結果、リートの体内には高濃度の魔力が蓄積している状態だ。
「気になったんだが、高濃度の魔力は魔法を使って消費できないの」
「そう単純な話じゃないんだよ。今は脳味噌を半分眠らせて抑えてる状態で、魔法をまともに扱える気がしない。こういうときは大人しくするに限るよ」
「は? 脳味噌半分停止させてるの? 頭大丈夫?」
「止めてよその言い方。鯨は滅多に熟睡しないでしょ。鯨も私も脳味噌を半分ずつ休ませることができるんだよ。全休眠すれば回復は早いけど――どうしたの」
みるみる顔色が悪くなっていくので言葉を止めた。
「鯨の人魚は……三千世界を旅してもいないって言われてるが」
「不思議だよね。
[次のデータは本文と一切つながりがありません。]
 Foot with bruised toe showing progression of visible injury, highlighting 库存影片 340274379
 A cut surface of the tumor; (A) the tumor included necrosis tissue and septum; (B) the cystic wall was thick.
どの異界でもドラゴンと同じ分類にされるのは。どこか一つでも人魚だと言ってもおかしくないのにね。まあ、妖精の欠落があるからだけど」
半開きの口が、はくはくと動き出す。まるで囀ることを忘れた小鳥だ。事実そうで、クルスは絶句していた。聞いた言葉を飲み込めず蒼白になる。
「い、ま……君、妖精の欠落って言った」
そうだった。
リートは疲れ果てた脳味噌で思い出す。
クルスはリートが妖精だと知らない。
バレてしまっては仕方ないと立ち上がって服の裾を引けば、地面につかない足が現れる。
リートの妖精の欠落だ。
「騙すつもりはなかったけど、結果的にそうなってる……。でも妖精が全部嫌ってるわけじゃ――ないっていうのは、嘘じゃない」
リートは視線を下げた。
唇を噛んで走り去る背中を追うことなく、尻すぼみに続けた。